Extensive research has also identified how protective factors that help safeguard children from engaging in one of these problem behaviors often help to prevent not just that one, but multiple problem behaviors. Thus, developing social emotional learning skills, bonding with the school/teacher, and adopting conventional norms about substance use and aggression are all protective factors that decrease the likelihood of violence behavior and substance use, while increasing the likelihood of student success both socially and academically.
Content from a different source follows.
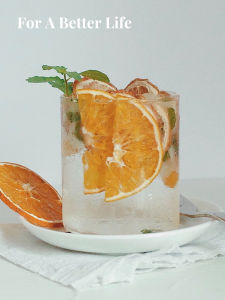 MOLA Niko High Aesthetic Restaurant Glass Cup Milk Tea Cup Cold Drink Cup Juice Cup Milkshake Transparent round Commercial Use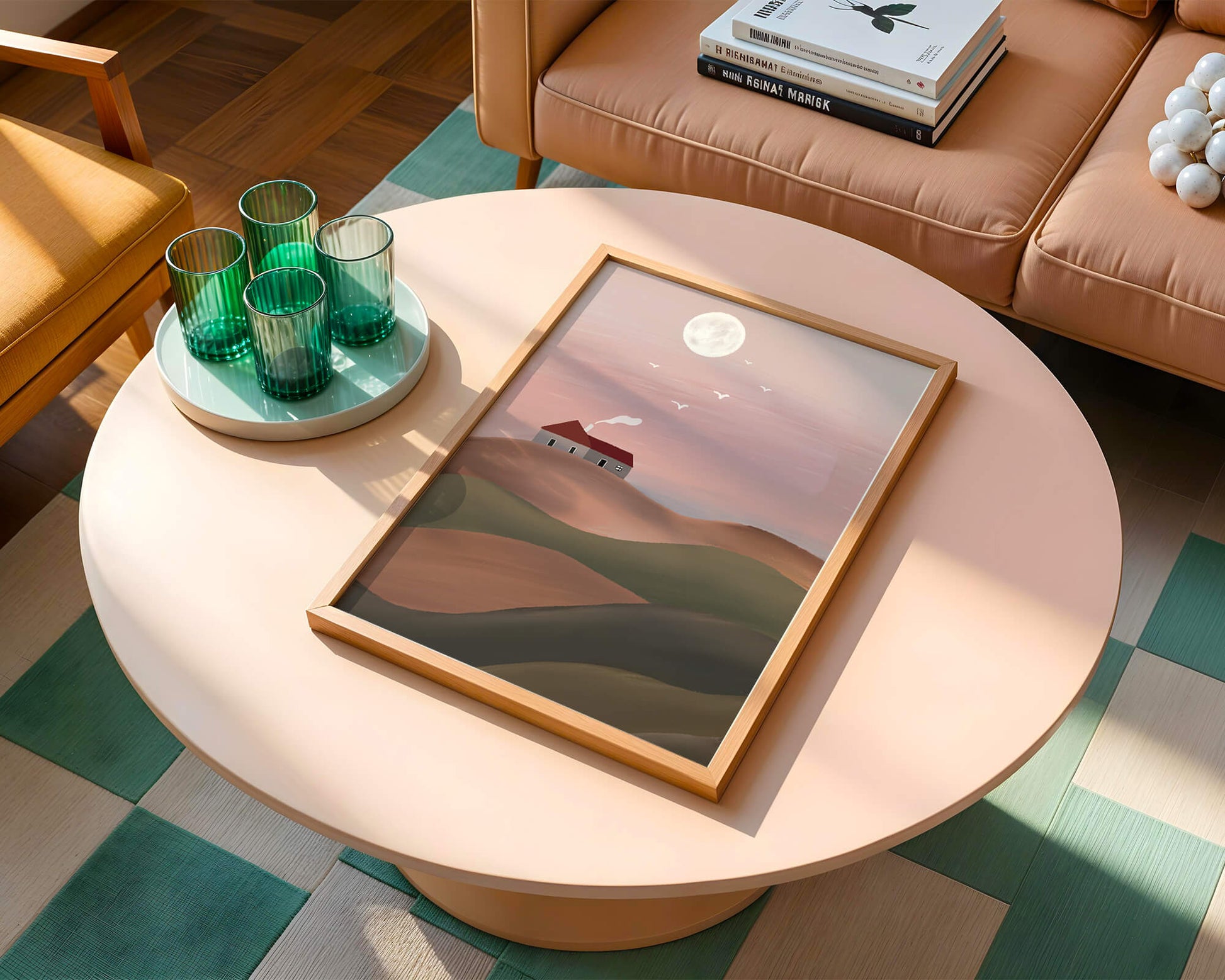 Casa en una colina rosa bajo la luna llena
Too Good programs are based on an accepted Theory of Change employing strategies and teaching key behavioral skills shown to promote healthy decision making and positive outcomes.

How it Works

The Too Good programs are designed to prevent complex problems with many contributing factors, thus, they are multifaceted and based on several theoretical constructs which have been strongly supported by research in the prevention field. This Theory of Change shows how we believe these interventions can change the trajectory of a child's life. The theoretical foundation of Too Good includes elements of:

  •   Social Learning Theory (Bandura)

    According to the Social Learning Theory, drug use is a socially learned, purposeful behavior that is shaped primarily through modeling (observing behaviors) and reinforcement (experiencing positive consequences for behavior). Modeling contributes to the development of both pro-social and anti-social behaviors. This theory is based on a self-efficacy paradigm in which behavior change and maintenance depend on expectations about the outcomes (risks & benefits) of engaging in the behavior, as well as a sense of self-efficacy (expectations about one's ability to engage in the behavior).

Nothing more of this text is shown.